La iluminación en escena ha ido evolucionando a lo largo de los años. En
la Edad Media, aunque la luz era considerada como elemento divina, se
pusieron en práctica los primeros registros de luz direccionados con la
intención de guiar la mirada del espectador hacia un elemento
específico. Ya en el Renacimiento, las figuras y los objetos comenzaron
a ser tridimensionales. Fueron desapareciendo los conceptos de
iluminación divina del periodo anterior y puso su pie en escena la
tercera dimensión, y con ella la pérdida del concepto biplano. Poco a
poco, y con la entrada del siglo XIX, la luz se fue trasformando en un
elemento integrado en lo cotidiano. Los sistemas de lámparas que
anteriormente funcionaban con combustibles fueron desapareciendo y la
luz en el escenario dio su paso definitivo. En 1638, comenzó a dedicarse
especial atención a la manera de iluminar la escena de forma
volumétrica y dramática, equilibrando las direcciones de la luz para
crear luces, sombras y volúmenes. Y lo que es mejor, se comenzó a
utilizar como forma de expresión de una forma deliberada e intencionada.

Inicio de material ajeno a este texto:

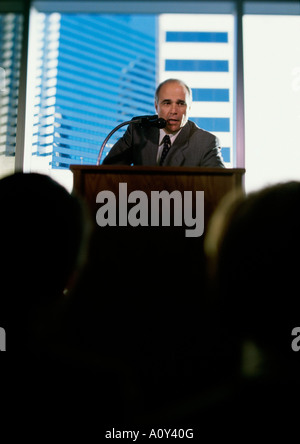 Businessman giving a speech at a podium Stock Photo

La crudeza de las guerras de primeros del siglo XX, caracterizaron el
Teatro Moderno por su absoluta libertad de planteamiento mediante el
diálogo con formas tradicionales y las nuevas posibilidades técnicas. El
desarrollo de la maquinaria, los nuevos diseños arquitectónicos,
escenográficos y el momento dulce que había alcanzado la iluminación,
liberaron al teatro de un cierto encorsetamiento, y lo dotaron de mayor
plasticidad.
Iluminar no es algo tan simple como arrojar luz sobre el escenario, sino
que supone una buena disposición de la iluminación de los ángulos
correctos, iluminación posterior, frontal, lateral, y equilibrio de
colores. Excepto en el caso de los efectos especiales, el diseño de
iluminación busca la discreción; y es que no debe haber una luz más
grande, que la de un actor en escena. Con la utilización inteligente
del color, la intensidad y la distribución de la luz se pueden lograr
ciertos efectos subliminales/emocionales en las percepciones del
espectador. Se pone la luz al servicio de la emoción, y como “dictadora”
del ojo, lo conduce hacia donde cree que debe ir.